Google's quantum paper sounds the alarm: 600 billion in crypto assets face risks

A new paper co-published by Google’s quantum AI and multiple parties has significantly lowered the hardware threshold for cracking the elliptic curve cryptography used for Bitcoin and Ethereum, bringing quantum security risks—long lingering and unresolved—into the market’s near-term reality. At current market prices, the total size of affected crypto assets exceeds $600 billion.

The paper notes that cracking the 256-bit elliptic curve discrete logarithm problem requires only 1,200–1,450 logical qubits and 70 million–90 million Toffoli gates. For the corresponding superconducting quantum computer, fewer than 500,000 physical qubits are needed. The attack can be completed in minutes, reducing hardware estimates by about 20x compared with earlier estimates.

Google emphasizes that no such machine exists yet, but an Ethereum Foundation researcher says confidence in the 2032 “Quantum Day” (when quantum computers have a 10% probability of cracking private keys) has increased significantly.

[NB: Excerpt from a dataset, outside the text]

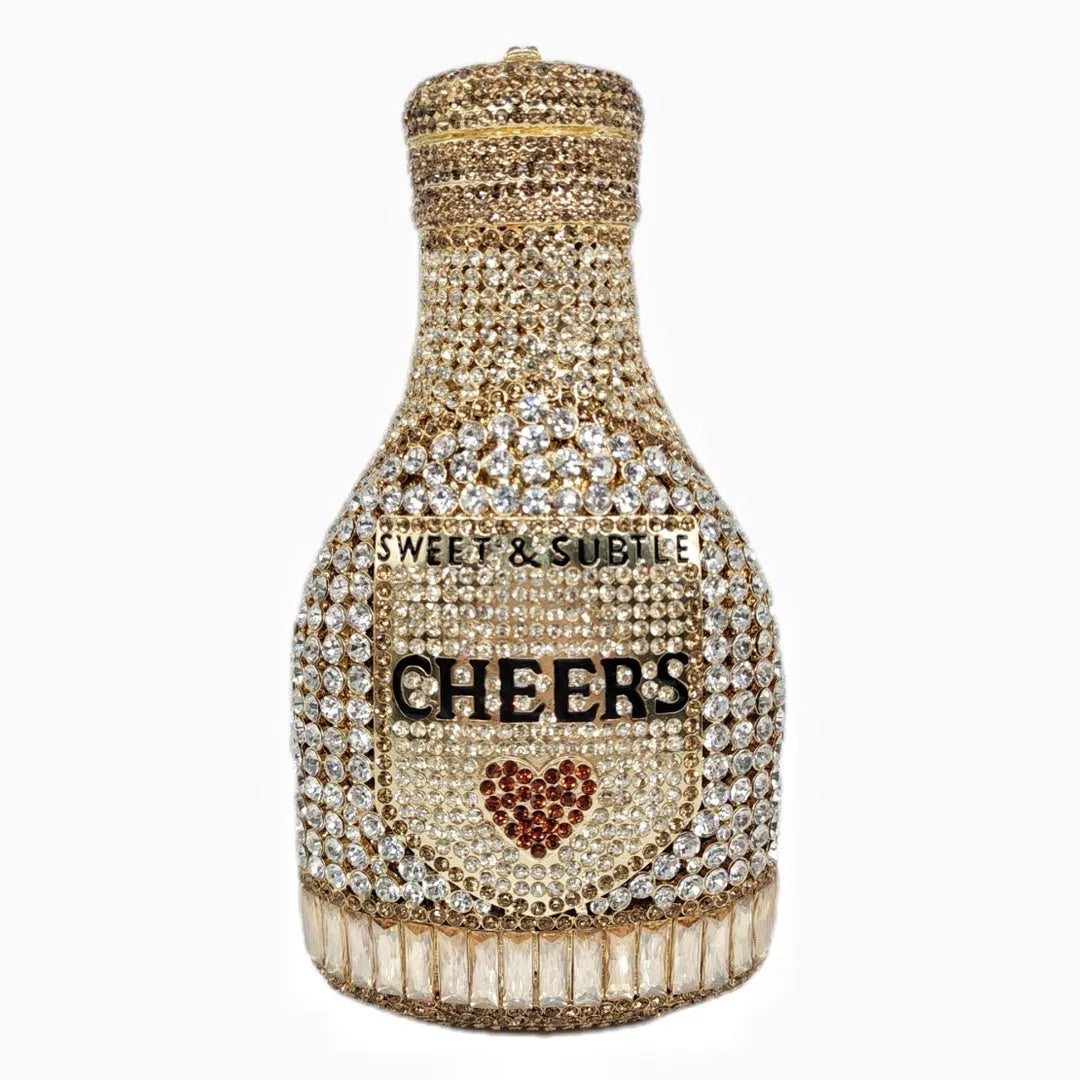 Gold hard-shell clutch bag shaped like a champagne bottle with crystal accents on a black background.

Google also reveals that it has worked with the U.S. government to estimate external verification resources via zero-knowledge proofs, while avoiding disclosure of attack details.

Bitcoin’s quantum risk is concentrated in transaction attacks and the security of held assets. The paper simulates attacks during spending: with a quantum computer, private keys can be derived in 9 minutes—close to Bitcoin’s 10-minute average block time—with a theft success rate of nearly 41%.

Worse still, about 6.7 million Bitcoins (about $444 billion, or 32% of total market value) are stored in vulnerable addresses. Of these, 1.7 million protected only by older script mechanisms ($112.6 billion), 2.3 million that are various kinds of dormant and vulnerable ($152.3 billion), and some are unable to be migrated because they were abandoned or lost.

In addition, while the Taproot protocol improves privacy, because the public key is directly embedded into the script, it reintroduces quantum weaknesses. And in the short term, the main risk focus is signatures rather than mining.

Ethereum’s quantum risk runs through accounts, contracts, and infrastructure. Because Ethereum produces blocks every 12 seconds, processes transactions quickly, and relies on private mempools, the difficulty of real-time transaction attacks is relatively high.

The core risk is static attacks: fast quantum computers could compromise the first 1,000 Ethereum accounts within 9 days (about $41.5 billion) and crack 70 core contract accounts within 15 hours (about $5.1 billion).

Even more worth worrying about is that on Ethereum, $200 billion in stablecoins and tokenized assets—if the keys belonging to issuers, bridge operators, and similar parties are compromised—could trigger crises such as money supply expansion and funds being frozen.

In addition, $30.4 billion in ETH within L2 and protocol value, and $74.9 billion in ETH within consensus stakes, also face threats due to vulnerabilities and signature risks.

However, the industry already has post-quantum cryptography tools, but migration will take several years. It requires protocol upgrades and changes in wallet behavior to reduce public key leakage and key reuse.

For the crypto market, quantum risk has moved from theory to reality: Bitcoin needs to address settlement-window pressure, while Ethereum must protect its massive contract and tokenized ecosystem. Immediately advancing post-quantum cryptography migration is an urgent task for the industry right now.